LG Gießen – Az.: 7 T 349/22 – Beschluss vom 08.12.2022

Die sofortige Beschwerde gegen den Beschluss des Amtsgerichts Gießen vom 21.10.2022 wird zurückgewiesen.

Der Beklagte hat die Kosten des Beschwerdeverfahrens zu tragen.

Beschwerdewert: 1.655,15 Euro

Gründe:

I.

Nach Erledigung des Rechtsstreits streiten die Parteien über die Kostenentscheidung nach § 91a ZPO.

Im Wohnraummietvertrag vom 20.09.2021 vereinbarten die Parteien unter § 17: „Als Gegenleistung für die niedrige Miete wird vereinbart: das Treppenhaus sowie die Kellerräume nach Bedarf (mindestens einmal monatlich) zu wischen, die anfallende Wäsche (ca. zwei Ladungen pro Woche) zu waschen und zu trocknen, kleinere Hilfen im täglichen Leben des Vermieters, die dieser nicht mehr selber wahrnehmen kann, zu erledigen, den Garten zu pflegen, den Laufweg je nach Witterung zu räumen und die Mülltonnen rechtzeitig zur Leerung raus und nach der Leerung wieder rein zu stellen.

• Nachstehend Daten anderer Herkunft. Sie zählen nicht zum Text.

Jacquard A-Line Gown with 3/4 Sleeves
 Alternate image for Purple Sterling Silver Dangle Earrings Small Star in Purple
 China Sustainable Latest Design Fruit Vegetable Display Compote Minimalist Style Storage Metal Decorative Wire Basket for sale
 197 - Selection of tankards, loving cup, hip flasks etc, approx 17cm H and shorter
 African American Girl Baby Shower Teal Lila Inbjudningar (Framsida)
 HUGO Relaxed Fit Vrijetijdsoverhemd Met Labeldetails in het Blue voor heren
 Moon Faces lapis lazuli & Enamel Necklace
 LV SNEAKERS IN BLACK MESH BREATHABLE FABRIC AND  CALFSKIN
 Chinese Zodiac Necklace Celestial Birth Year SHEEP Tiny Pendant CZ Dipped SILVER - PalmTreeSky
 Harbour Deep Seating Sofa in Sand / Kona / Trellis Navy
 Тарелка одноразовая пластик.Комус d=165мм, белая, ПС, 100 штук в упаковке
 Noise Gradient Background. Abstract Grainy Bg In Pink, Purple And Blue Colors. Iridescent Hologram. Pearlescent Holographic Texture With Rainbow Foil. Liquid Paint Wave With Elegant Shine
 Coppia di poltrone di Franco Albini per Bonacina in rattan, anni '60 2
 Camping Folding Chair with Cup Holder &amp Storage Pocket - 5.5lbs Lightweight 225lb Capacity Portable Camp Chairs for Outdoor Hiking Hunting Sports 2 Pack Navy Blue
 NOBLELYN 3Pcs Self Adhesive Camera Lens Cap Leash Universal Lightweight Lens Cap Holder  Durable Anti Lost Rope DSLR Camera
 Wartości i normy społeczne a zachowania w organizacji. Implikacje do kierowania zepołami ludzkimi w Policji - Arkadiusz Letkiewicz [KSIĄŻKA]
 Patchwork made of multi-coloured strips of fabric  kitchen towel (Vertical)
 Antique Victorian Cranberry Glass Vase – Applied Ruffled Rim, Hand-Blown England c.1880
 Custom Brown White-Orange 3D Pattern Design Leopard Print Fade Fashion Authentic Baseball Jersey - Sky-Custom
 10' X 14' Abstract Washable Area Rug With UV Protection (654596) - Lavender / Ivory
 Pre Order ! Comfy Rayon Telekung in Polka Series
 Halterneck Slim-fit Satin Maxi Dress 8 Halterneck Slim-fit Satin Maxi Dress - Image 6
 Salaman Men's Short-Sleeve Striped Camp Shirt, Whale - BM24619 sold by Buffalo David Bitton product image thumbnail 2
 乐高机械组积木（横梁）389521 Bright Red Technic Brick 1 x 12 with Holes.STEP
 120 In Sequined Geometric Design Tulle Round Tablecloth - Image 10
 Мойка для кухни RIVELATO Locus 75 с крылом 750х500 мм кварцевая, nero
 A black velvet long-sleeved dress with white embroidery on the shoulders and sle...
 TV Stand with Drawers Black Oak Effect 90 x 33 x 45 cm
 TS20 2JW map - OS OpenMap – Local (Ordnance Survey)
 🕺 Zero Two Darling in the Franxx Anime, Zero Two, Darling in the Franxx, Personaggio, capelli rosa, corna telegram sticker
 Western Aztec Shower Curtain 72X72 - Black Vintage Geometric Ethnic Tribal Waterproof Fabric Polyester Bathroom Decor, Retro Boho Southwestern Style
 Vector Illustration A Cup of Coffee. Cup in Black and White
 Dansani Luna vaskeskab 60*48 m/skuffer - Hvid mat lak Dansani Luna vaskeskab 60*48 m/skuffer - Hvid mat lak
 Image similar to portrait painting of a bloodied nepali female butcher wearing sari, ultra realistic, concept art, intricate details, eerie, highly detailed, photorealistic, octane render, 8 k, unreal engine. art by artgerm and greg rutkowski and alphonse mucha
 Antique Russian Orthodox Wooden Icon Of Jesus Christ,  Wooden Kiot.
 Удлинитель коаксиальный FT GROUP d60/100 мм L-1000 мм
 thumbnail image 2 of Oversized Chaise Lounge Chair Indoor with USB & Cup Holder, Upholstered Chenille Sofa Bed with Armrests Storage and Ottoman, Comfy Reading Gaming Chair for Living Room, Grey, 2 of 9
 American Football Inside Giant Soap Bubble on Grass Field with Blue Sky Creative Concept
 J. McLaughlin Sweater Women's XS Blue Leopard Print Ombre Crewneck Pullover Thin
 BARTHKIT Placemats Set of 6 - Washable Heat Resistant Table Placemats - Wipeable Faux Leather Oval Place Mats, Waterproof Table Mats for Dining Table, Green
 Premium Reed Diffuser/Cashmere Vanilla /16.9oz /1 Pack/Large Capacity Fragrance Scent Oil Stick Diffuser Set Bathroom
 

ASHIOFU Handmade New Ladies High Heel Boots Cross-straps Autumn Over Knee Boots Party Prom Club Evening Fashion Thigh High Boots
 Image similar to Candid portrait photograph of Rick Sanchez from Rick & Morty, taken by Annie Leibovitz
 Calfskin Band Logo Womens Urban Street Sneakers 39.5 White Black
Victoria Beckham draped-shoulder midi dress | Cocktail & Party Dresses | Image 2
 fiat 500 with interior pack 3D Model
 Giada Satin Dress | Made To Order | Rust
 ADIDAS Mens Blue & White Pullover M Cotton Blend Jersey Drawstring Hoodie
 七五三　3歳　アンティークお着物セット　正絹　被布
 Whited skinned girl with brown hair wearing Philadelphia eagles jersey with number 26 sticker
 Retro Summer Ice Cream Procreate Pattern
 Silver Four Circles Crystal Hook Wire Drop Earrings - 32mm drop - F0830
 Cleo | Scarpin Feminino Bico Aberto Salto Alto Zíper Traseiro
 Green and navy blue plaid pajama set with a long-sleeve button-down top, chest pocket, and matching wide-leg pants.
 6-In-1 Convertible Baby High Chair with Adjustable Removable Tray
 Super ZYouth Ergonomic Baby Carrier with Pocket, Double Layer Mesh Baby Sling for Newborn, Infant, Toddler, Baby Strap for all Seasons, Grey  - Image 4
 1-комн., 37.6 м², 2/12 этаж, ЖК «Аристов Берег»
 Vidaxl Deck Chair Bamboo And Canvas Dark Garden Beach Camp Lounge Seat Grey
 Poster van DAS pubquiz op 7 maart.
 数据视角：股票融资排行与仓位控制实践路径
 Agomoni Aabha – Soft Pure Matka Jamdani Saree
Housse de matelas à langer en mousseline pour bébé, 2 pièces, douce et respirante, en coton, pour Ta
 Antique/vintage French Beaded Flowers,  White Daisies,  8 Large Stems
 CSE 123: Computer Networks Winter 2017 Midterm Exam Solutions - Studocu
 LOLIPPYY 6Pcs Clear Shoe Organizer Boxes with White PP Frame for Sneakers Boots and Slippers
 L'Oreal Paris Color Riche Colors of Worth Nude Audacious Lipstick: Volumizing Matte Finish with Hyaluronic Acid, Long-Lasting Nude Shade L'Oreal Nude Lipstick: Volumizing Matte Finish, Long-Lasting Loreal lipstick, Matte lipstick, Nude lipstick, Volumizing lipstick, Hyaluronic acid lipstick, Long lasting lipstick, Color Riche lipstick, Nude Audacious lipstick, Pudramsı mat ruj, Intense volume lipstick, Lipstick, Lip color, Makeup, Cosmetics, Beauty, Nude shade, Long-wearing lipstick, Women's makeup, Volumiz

Sollte eine dieser Gegenleistungen entfallen, so muss neu über die Miethöhe verhandelt werden“.

Der Beklagte zog am 15.10.2021 in die streitgegenständliche Wohnung ein.

Nach einem Sturz am 15.01.2022 und einem anschließenden Krankenhausaufenthalt entschied sich der Kläger, fortan in einem Seniorenheim zu leben.

Dienstleistungen als Teil der Miete – Wegfall und Mietanpassung
(Symbolfoto: CravenA/Shutterstock.com)

Am 07.03.2022 ließ der Kläger dem Beklagten einen neuen Mietvertrag übermitteln. Der Beklagte lehnte die Vertragsänderung ab. Mit Schreiben vom 30.03.2022 erklärte der Kläger gegenüber dem Beklagten die Kündigung zum 31.03.2022, hilfsweise zum nächstmöglichen Zeitpunkt. Die Verpflichtungen aus § 17 des Mietvertrages würden zukünftig wegen des Umzugs in ein Seniorenheim dauerhaft wegfallen. Sollte der Mietvertrag vom 07.03.2022 nicht zustande kommen, solle der Beklagte die Wohnung bis zum 30.04.2022 räumen.

Die Gartenpflege erledigte der Beklagte entgegen der Verpflichtung aus § 17 des Mietvertrags nicht.

Mit der Klageschrift vom 22.07.2022 begehrte der Kläger als Vermieter vom Beklagten als Mieter die Räumung und Herausgabe von Mieträumen und anteilig überlassenen Gemeinschaftsräumen eines Wohnhauses in Gießen.

Der Kläger ist der Ansicht, dass ihm ein Kündigungsrecht zustünde, weil die Vertragsgrundlage durch den Wegfall der in § 17 des Mietvertrags geregelten Pflichten entfallen sei. Trotz eines Angebotes und eines gemeinsamen Gespräches sei es nicht zu einer Neuregelung der Mietvereinbarung gekommen.

Der Beklagte ist der Ansicht, dass sich aus einer Nichterfüllung der in § 17 des Mietvertrags geregelten Pflichten kein Kündigungsrecht, sondern lediglich eine Verhandlungspflicht der Parteien ergebe. Der vorgelegte Mietvertrag vom 07.03.2022 habe nicht zur Disposition gestanden, sodass ein Verhandeln zwischen den Parteien nicht stattgefunden habe.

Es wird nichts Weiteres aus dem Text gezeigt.